• **Exercise description**
Copy out, precisely as given, the lines from the line with "Princess Polly Darso" to the end of the entries that follow.

• **Given records**
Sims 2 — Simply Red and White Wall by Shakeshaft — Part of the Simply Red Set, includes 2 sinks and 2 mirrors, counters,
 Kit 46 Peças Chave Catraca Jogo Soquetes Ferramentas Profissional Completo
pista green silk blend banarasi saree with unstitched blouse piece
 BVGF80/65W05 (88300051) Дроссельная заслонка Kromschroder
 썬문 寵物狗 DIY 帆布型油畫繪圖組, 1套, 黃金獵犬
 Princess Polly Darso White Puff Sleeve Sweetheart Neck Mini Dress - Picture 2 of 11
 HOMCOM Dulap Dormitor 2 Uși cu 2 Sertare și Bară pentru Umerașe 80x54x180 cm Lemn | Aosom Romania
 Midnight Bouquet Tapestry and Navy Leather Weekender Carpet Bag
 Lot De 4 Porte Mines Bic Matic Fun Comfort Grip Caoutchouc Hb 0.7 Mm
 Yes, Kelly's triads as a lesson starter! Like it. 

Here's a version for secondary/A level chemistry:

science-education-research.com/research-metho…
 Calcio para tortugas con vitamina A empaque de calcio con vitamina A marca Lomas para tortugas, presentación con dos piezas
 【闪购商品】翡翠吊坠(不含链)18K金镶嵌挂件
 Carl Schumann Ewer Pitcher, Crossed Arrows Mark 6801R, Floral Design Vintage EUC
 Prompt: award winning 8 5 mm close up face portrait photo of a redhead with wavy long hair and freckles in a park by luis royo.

• **Task solution**
 Princess Polly Darso White Puff Sleeve Sweetheart Neck Mini Dress - Picture 2 of 11
 HOMCOM Dulap Dormitor 2 Uși cu 2 Sertare și Bară pentru Umerașe 80x54x180 cm Lemn | Aosom Romania
 Midnight Bouquet Tapestry and Navy Leather Weekender Carpet Bag
 Lot De 4 Porte Mines Bic Matic Fun Comfort Grip Caoutchouc Hb 0.7 Mm
 Yes, Kelly's triads as a lesson starter! Like it. 

Here's a version for secondary/A level chemistry:

science-education-research.com/research-metho…
 Calcio para tortugas con vitamina A empaque de calcio con vitamina A marca Lomas para tortugas, presentación con dos piezas
 【闪购商品】翡翠吊坠(不含链)18K金镶嵌挂件
 Carl Schumann Ewer Pitcher, Crossed Arrows Mark 6801R, Floral Design Vintage EUC
 Prompt: award winning 8 5 mm close up face portrait photo of a redhead with wavy long hair and freckles in a park by luis royo.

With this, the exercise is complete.